▸ **WHAT THE EXERCISE ASKS**
Every record is to be printed exactly as it appears.

▸ **DATA FOR ANALYSIS**
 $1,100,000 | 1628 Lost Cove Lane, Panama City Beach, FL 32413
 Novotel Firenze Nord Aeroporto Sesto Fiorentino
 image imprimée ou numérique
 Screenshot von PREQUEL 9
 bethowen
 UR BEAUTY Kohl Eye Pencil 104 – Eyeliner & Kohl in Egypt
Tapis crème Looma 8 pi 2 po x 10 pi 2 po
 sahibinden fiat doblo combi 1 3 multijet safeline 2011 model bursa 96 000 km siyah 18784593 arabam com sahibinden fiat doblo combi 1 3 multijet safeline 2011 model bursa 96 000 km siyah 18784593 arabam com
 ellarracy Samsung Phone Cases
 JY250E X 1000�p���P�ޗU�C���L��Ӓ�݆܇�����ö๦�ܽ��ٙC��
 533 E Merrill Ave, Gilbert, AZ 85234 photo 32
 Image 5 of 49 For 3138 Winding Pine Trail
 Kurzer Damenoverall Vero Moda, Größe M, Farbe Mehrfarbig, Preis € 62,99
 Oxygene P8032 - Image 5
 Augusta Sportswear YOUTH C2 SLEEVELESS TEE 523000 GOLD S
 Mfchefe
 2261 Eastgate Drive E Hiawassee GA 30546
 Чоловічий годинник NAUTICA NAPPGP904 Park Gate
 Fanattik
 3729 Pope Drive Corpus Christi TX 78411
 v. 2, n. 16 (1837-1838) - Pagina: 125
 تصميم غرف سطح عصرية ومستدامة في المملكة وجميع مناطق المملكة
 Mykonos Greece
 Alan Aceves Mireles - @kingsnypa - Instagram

▸ **EXERCISE OUTPUT**
 $1,100,000 | 1628 Lost Cove Lane, Panama City Beach, FL 32413
 Novotel Firenze Nord Aeroporto Sesto Fiorentino
 image imprimée ou numérique
 Screenshot von PREQUEL 9
 bethowen
 UR BEAUTY Kohl Eye Pencil 104 – Eyeliner & Kohl in Egypt
Tapis crème Looma 8 pi 2 po x 10 pi 2 po
 sahibinden fiat doblo combi 1 3 multijet safeline 2011 model bursa 96 000 km siyah 18784593 arabam com sahibinden fiat doblo combi 1 3 multijet safeline 2011 model bursa 96 000 km siyah 18784593 arabam com
 ellarracy Samsung Phone Cases
 JY250E X 1000�p���P�ޗU�C���L��Ӓ�݆܇�����ö๦�ܽ��ٙC��
 533 E Merrill Ave, Gilbert, AZ 85234 photo 32
 Image 5 of 49 For 3138 Winding Pine Trail
 Kurzer Damenoverall Vero Moda, Größe M, Farbe Mehrfarbig, Preis € 62,99
 Oxygene P8032 - Image 5
 Augusta Sportswear YOUTH C2 SLEEVELESS TEE 523000 GOLD S
 Mfchefe
 2261 Eastgate Drive E Hiawassee GA 30546
 Чоловічий годинник NAUTICA NAPPGP904 Park Gate
 Fanattik
 3729 Pope Drive Corpus Christi TX 78411
 v. 2, n. 16 (1837-1838) - Pagina: 125
 تصميم غرف سطح عصرية ومستدامة في المملكة وجميع مناطق المملكة
 Mykonos Greece
 Alan Aceves Mireles - @kingsnypa - Instagram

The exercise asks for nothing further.